[PATCH] D31900: [AddDiscriminators] Assign discriminators to memset/memcpy/memmove intrinsic calls.

Tue Apr 11 08:22:32 PDT 2017

andreadb added a comment.

In https://reviews.llvm.org/D31900#723596, @danielcdh wrote:

> Thanks for explaining. My understanding is that memcpy will introduce new basic block, which will share the same discriminator with other basic block without this patch. As a result, that basic block is incorrectly annotated so that the block placement is suboptimal. If my understanding is correct, could you include a that in the unittest?

SROA would expand the memcpy call into a straight sequence of loads and stores since the size of each new alloca slice is known statically.
So, no new basic block is created during the process; each new load/store pair lives in the same basic block as the original memcpy call.

We can see this by running sroa on test memcpy-discriminator.ll.

SROA partitions the alloca `g_b.coerce` in two smaller alloca ( one for slice [0,8) and another for slice [8,12) ).

  Slices of alloca:   %g_b.coerce = alloca { i64, i32 }, align 4
    [0,12) slice #0 (splittable)
      used by:   call void @llvm.memcpy.p0i8.p0i8.i64(i8* %0, i8* %1, i64 12, i32 4, i1 false), !dbg !10
    [0,8) slice #1 (splittable)
      used by:   %3 = load i64, i64* %2, align 4, !dbg !8
    [8,12) slice #2 (splittable)
      used by:   %5 = load i32, i32* %4, align 4, !dbg !8

Each user of the original alloca is rewritten. The memcpy call is one of the users, so it is split into two pairs of loads and store (one pair per each slice).

Later on SROA uses mem2reg to promote the newly created alloca slices to register. In this example, the promotion is successful, and load %3 and %5 are made redundant by the loads materialized as a result of the memcpy expansion.

This is the IR at the end of SROA:

  define i32 @foo(i32 %cond) !dbg !5 {
  entry:
    %tobool = icmp ne i32 %cond, 0, !dbg !7
    br i1 %tobool, label %cond.true, label %cond.end, !dbg !7

  cond.true:                                        ; preds = %entry
    %g_b.coerce.sroa.0.0.copyload = load i64, i64* bitcast (%struct.B* @g_b to i64*), align 4, !dbg !8    <<< NO DISCRIMINATOR
    %g_b.coerce.sroa.2.0.copyload = load i32, i32* getelementptr inbounds (%struct.B, %struct.B* @g_b, i64 0, i32 1), align 4, !dbg !8 <<< NO DISCRIMINATOR
    %call = call i32 @bar(i64 %g_b.coerce.sroa.0.0.copyload, i32 %g_b.coerce.sroa.2.0.copyload, i32 33), !dbg !9 
    br label %cond.end, !dbg !11

  cond.end:                                         ; preds = %cond.true, %entry
    %cond1 = phi i32 [ %call, %cond.true ], [ 42, %entry ], !dbg !12
    ret i32 %cond1, !dbg !14
  }

Where:
!7 = !DILocation(line: 16, column: 16, scope: !5)
!8 = !DILocation(line: 16, column: 23, scope: !5)
!9 = !DILocation(line: 16, column: 23, scope: !10)
!10 = !DILexicalBlockFile(scope: !5, file: !1, discriminator: 2)
!14 = !DILocation(line: 17, column: 3, scope: !5)

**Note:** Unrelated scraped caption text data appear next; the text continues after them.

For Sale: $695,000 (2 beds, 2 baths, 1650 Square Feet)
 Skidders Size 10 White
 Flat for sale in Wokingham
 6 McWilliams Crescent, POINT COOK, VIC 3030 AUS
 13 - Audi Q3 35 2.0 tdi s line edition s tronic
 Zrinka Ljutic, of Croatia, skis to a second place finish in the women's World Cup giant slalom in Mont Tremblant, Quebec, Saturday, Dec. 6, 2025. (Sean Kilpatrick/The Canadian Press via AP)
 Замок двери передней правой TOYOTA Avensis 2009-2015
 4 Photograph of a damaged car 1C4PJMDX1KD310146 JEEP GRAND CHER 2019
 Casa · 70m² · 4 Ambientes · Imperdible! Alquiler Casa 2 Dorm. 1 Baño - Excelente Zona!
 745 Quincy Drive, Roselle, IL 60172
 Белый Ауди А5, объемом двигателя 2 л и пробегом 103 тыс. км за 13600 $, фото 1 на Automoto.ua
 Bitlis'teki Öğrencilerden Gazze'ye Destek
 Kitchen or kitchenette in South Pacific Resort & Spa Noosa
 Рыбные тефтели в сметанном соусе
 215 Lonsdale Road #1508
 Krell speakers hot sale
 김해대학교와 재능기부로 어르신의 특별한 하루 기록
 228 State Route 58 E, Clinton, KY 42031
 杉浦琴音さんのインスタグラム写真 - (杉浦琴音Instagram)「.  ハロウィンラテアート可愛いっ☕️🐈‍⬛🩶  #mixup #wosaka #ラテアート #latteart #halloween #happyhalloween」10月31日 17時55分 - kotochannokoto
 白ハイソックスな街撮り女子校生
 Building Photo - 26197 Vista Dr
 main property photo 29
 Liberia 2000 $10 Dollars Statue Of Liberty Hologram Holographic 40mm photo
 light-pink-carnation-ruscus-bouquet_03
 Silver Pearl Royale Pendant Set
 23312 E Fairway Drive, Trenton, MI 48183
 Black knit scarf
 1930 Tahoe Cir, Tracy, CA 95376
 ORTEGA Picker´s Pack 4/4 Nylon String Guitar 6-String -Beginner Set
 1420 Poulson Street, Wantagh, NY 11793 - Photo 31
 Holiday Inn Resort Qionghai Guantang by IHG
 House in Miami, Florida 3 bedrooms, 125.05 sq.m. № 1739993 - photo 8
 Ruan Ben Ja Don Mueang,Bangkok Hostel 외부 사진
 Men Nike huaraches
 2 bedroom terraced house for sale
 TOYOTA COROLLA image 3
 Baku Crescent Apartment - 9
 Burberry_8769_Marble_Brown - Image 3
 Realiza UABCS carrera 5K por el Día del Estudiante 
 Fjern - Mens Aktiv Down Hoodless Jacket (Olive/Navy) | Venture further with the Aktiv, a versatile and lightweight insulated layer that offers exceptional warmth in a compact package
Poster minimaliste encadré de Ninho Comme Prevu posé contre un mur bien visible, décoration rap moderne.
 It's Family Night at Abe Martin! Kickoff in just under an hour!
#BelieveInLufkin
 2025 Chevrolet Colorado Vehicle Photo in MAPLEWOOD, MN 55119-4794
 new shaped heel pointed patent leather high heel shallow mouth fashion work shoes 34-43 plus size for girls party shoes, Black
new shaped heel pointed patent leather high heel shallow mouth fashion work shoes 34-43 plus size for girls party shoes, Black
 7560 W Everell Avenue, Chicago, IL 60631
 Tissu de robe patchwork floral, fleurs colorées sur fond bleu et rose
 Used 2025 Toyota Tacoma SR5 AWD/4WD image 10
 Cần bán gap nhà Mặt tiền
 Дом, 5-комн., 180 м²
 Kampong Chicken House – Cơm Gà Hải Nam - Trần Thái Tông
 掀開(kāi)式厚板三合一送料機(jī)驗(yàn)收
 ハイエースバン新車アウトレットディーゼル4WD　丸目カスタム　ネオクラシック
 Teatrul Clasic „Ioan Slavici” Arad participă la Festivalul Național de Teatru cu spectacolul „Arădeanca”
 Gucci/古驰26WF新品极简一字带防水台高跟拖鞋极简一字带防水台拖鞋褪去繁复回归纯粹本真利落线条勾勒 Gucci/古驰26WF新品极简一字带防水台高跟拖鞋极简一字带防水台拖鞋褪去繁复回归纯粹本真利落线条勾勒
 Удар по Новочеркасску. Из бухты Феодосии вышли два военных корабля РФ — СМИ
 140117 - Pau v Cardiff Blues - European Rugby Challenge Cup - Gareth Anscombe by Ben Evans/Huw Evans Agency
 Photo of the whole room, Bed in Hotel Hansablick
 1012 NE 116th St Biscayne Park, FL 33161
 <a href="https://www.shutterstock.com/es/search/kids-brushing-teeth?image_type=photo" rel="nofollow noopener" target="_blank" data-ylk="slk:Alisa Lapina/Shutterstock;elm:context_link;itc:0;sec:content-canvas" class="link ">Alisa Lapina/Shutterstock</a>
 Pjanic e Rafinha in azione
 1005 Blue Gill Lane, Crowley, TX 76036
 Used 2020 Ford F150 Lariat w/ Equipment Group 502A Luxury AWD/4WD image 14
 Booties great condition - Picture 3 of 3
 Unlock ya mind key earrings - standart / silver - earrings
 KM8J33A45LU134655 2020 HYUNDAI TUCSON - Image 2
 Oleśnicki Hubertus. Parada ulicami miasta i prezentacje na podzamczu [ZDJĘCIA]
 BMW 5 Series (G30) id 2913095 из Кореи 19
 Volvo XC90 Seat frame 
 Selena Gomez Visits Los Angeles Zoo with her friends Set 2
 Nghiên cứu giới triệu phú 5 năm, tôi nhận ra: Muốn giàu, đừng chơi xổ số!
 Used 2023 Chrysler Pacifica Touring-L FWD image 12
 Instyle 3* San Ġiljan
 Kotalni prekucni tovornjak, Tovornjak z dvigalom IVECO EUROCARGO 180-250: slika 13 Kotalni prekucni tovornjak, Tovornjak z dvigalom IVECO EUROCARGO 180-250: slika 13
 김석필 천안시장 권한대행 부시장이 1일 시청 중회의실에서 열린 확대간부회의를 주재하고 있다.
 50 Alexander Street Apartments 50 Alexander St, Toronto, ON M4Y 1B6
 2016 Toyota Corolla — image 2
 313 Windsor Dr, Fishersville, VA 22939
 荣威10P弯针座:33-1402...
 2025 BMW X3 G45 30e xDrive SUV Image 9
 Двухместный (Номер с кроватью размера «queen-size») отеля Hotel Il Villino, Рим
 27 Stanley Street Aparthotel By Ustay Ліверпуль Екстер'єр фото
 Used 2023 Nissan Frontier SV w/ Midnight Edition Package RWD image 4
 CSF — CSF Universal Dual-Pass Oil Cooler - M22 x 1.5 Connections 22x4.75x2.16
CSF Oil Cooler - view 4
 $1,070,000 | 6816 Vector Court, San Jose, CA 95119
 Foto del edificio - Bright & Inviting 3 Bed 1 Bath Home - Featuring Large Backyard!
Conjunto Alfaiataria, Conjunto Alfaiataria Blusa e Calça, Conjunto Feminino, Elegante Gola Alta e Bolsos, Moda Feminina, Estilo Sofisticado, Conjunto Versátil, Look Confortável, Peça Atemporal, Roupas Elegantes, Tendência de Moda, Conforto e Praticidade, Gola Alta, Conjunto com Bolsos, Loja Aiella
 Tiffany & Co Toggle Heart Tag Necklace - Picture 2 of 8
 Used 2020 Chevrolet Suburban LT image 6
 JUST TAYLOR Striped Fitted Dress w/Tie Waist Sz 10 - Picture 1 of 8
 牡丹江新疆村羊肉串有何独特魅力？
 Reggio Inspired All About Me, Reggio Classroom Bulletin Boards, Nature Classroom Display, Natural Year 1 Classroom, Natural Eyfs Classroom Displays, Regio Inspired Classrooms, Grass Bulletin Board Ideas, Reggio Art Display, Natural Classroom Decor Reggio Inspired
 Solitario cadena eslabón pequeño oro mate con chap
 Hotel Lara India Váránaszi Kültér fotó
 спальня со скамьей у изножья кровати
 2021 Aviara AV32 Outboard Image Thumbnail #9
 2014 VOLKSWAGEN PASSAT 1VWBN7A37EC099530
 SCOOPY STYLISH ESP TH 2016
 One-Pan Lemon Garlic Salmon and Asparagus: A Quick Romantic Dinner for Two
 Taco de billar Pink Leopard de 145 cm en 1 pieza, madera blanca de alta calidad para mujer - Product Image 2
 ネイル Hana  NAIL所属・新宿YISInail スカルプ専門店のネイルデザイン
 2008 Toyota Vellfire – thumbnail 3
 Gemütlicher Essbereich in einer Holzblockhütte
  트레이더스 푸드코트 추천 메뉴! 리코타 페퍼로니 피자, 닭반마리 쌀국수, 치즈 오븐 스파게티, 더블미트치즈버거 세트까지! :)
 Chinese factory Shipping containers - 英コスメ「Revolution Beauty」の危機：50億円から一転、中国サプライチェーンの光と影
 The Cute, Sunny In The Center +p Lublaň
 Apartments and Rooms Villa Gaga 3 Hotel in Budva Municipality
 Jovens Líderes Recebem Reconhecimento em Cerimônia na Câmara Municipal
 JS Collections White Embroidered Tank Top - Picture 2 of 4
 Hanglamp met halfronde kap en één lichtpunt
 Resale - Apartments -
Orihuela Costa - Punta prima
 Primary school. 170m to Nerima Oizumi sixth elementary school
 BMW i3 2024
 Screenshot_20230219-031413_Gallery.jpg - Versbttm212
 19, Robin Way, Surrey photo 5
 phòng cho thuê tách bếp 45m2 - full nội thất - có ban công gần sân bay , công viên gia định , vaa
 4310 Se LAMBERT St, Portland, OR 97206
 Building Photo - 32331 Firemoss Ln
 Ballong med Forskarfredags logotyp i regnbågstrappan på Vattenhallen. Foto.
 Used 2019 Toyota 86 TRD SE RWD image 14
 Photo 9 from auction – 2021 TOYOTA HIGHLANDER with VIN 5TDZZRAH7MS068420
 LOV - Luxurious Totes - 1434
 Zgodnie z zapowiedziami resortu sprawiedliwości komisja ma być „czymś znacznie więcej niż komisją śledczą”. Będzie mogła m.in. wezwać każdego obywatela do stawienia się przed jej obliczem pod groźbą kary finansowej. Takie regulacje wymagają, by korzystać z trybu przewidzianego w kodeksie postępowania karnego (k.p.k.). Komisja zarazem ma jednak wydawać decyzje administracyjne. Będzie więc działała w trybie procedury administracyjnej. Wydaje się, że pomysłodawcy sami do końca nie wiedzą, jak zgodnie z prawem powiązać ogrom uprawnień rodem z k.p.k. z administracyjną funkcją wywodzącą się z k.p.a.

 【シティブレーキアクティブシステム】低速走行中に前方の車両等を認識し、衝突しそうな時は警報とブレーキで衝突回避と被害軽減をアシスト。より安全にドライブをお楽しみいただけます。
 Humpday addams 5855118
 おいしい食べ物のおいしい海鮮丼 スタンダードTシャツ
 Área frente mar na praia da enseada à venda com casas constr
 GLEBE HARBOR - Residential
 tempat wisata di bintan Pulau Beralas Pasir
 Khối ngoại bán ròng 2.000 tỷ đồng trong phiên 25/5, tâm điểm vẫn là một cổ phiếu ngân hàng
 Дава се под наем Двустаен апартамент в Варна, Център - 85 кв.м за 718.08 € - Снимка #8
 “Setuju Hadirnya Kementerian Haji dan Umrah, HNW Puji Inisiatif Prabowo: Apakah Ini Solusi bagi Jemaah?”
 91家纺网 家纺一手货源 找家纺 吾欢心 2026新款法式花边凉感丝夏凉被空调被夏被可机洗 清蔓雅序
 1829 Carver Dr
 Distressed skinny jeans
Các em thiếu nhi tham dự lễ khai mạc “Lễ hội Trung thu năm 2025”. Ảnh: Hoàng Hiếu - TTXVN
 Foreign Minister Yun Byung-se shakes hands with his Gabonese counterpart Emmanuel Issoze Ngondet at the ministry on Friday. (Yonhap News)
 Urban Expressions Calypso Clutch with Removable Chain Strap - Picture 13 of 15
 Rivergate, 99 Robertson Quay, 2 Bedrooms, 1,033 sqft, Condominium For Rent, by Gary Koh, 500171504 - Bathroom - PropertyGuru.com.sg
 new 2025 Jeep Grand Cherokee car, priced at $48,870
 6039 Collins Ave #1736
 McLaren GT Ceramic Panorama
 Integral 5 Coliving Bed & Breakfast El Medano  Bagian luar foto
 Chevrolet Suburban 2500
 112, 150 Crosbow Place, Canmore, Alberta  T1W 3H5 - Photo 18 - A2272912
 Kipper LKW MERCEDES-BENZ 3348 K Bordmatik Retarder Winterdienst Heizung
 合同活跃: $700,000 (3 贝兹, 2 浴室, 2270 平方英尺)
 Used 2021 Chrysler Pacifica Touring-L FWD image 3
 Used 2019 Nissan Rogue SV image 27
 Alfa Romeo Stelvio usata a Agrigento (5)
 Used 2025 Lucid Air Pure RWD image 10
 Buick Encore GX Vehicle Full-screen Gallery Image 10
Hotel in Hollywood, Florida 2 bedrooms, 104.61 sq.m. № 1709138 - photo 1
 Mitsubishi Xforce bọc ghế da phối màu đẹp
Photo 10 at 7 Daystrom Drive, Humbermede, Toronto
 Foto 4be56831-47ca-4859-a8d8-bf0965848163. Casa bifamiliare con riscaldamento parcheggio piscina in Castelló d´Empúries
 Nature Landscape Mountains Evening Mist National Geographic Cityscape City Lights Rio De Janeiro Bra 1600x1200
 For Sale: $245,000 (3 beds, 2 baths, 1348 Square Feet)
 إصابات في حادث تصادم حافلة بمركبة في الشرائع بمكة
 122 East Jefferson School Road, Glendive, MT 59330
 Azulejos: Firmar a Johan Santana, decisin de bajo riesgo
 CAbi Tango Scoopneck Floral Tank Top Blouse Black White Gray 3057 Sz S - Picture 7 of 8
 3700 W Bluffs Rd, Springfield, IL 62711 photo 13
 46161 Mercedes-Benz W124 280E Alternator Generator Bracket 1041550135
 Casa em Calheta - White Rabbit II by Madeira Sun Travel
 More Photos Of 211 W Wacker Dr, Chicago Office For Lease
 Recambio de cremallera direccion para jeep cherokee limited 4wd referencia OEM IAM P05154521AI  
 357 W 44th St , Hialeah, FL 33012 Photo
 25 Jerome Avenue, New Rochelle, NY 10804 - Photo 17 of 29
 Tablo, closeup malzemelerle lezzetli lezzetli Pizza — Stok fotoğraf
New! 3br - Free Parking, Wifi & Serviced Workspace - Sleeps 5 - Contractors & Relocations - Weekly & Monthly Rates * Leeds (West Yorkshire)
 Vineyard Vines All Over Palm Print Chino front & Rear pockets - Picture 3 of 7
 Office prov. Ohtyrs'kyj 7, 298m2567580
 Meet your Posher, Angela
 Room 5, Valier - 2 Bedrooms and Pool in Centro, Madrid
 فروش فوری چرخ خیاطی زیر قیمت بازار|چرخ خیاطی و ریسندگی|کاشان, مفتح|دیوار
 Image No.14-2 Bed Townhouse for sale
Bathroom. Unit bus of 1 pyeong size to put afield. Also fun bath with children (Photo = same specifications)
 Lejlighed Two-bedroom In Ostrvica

As you can see, the two loads are in the same basic block as the original memcpy call. However, those now reference the wrong location.

> The reason I'm careful on adding new discriminator is that as we are encoding discriminator, we have limited bit to represent the base discriminator. We only want to set new discriminator when it can improve profile quality, which is valid if we can have a test showing how this can improve profile quality.

I understand that we don't want to waste discriminators, and I totally agree with you that we shall avoid to consume discriminators as much as possible.

I guess I could add a simple unit test that shows how branch weight metadata is incorrecty for the terminator in the %entry block.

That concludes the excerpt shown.